Nur als Franke und auf fränkischem Boden, meinte man damals
und hat man noch lange nachher gemeint, könne der neue König
die Krone empfangen. In feierlichem Zuge, von den Herzögen,
Grafen und Herren begleitet, begab sich dann Otto zum Münster.

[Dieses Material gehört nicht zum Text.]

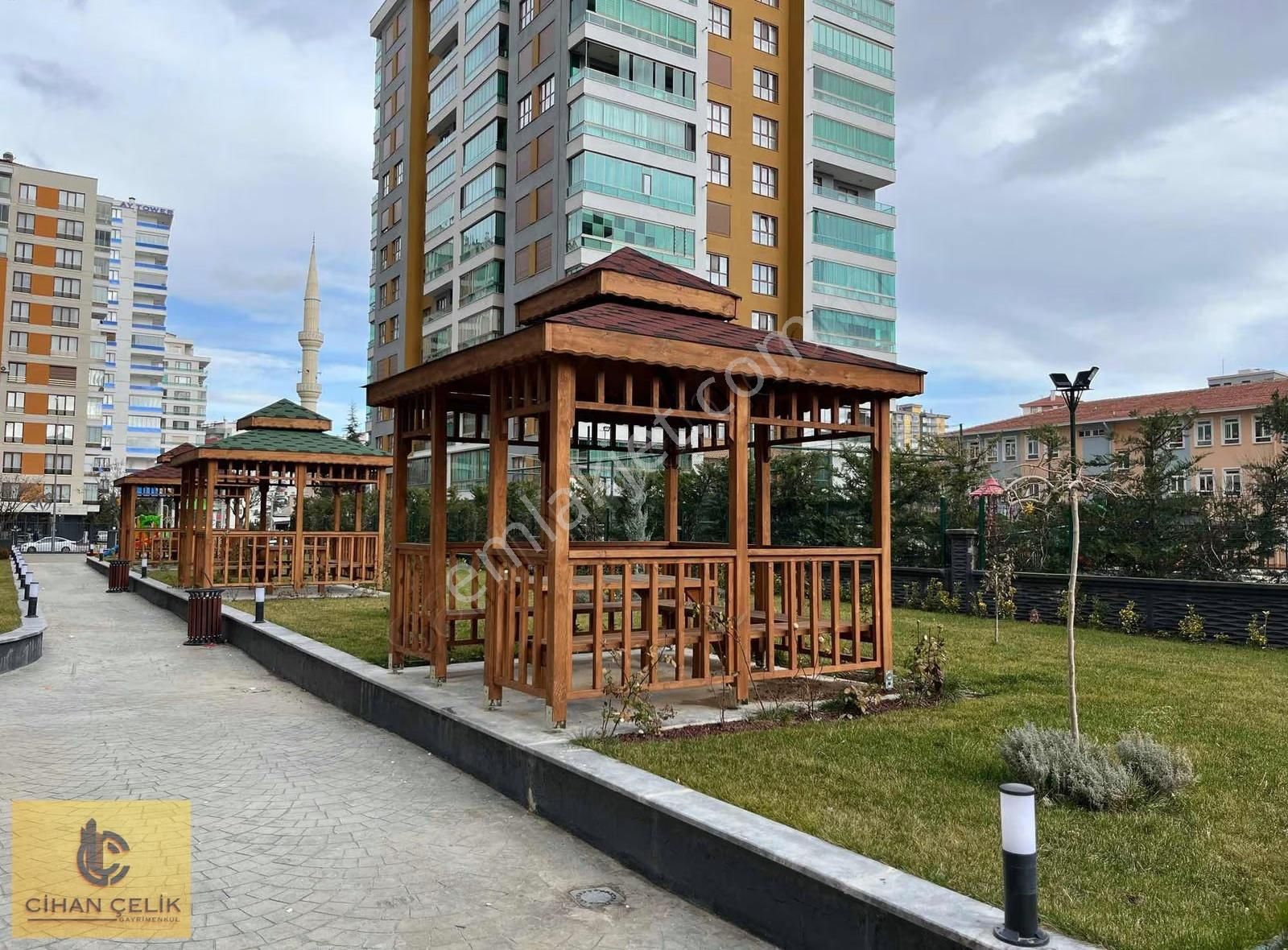 Pazartesi Tapu Şartı İle Sadece Nakit Şekertekke Caddesi 5+1 - Görsel 26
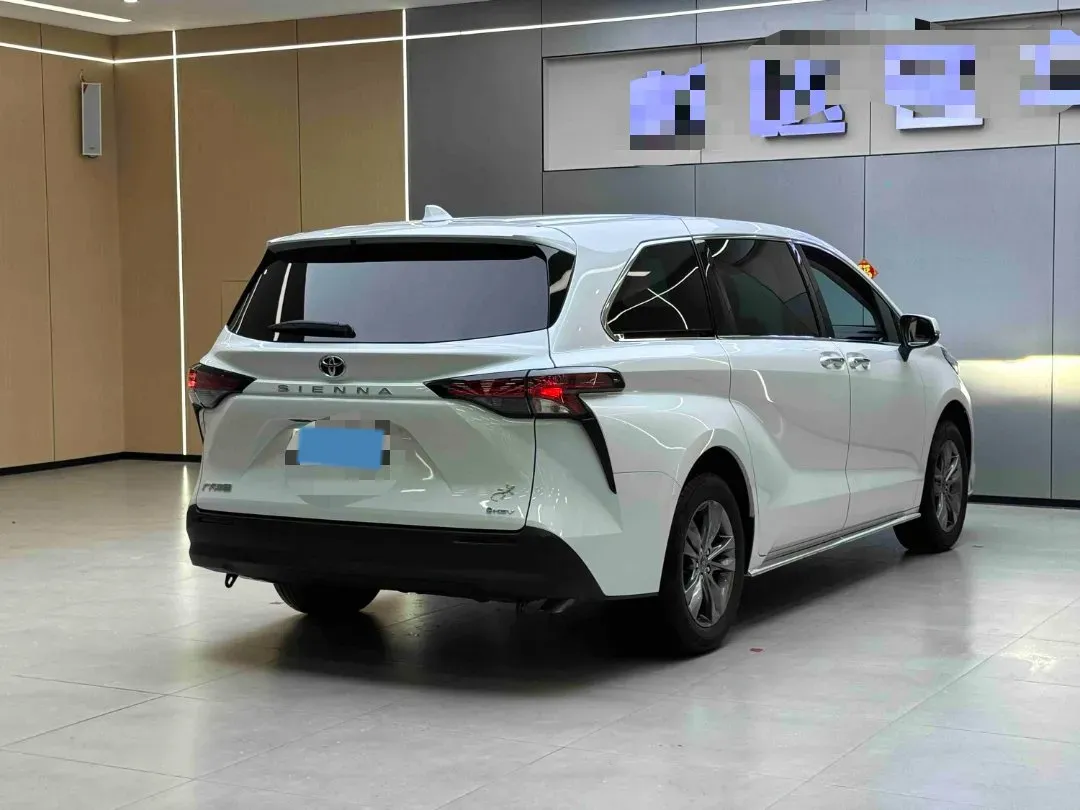 2026 Toyota Sienna 2.5L 189HP L4 E-CVT Hybrid,autocango,china used car exporter,china ev exporter,chinese used car exporter,chinese used ev exporter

Wer nach Aachen kommt, wird dieselbe Kirche noch heute dort
sehen. In der Gestalt eines Achtecks steigt sie zu mächtiger Höhe
empor, und oben umkreist sie ein zwiefacher Umgang von Arkaden,
welche mit Säulen geziert sind; in der Mitte aber auf dem Boden
ist die Stelle bezeichnet, wo Kaiser Karl sein Grab gefunden. Die
Gänge oben erfüllte damals dicht gedrängt das Volk, das von weit
und breit zum großen Feste herbeigeströmt war. In dem untern
Raume aber erwartete der Erzbischof Hildebert von Mainz mit
allen Erzbischöfen, Bischöfen und Priestern, die sich eingestellt hatten,
den jungen König. Als dieser an der Pforte erschien, schritt er
ihm entgegen, den Krummstab in der Rechten, und führte ihn mit
der Linken bis in die Mitte des Münsters, wo Kaiser Karls Grab-
stein liegt und Otto von allen Seiten erblickt werden konnte. Hier
wandte er sich um und rief laut zu dem Volke: „Sehet, ich führe
euch Otto zu, den Gott zu eurem König erwählt, König Heinrich
bestimmt und alle Fürsten erhoben haben! Gefällt euch solche Wahl,
so hebet eure Rechte zum Himmel!" Alle erhoben die Hände, und
donnernd hallte es in der Runde: „Heil und Segen dem neuen
Herrscher!"
Daraus schritt der Erzbischof mit Otto bis zum Altare vor,
wo Schwert und Wehrgehenk, Mantel und Spangen, Scepter,
Stab und Diadem, die Zeichen der königlichen Würde, bereit lagen.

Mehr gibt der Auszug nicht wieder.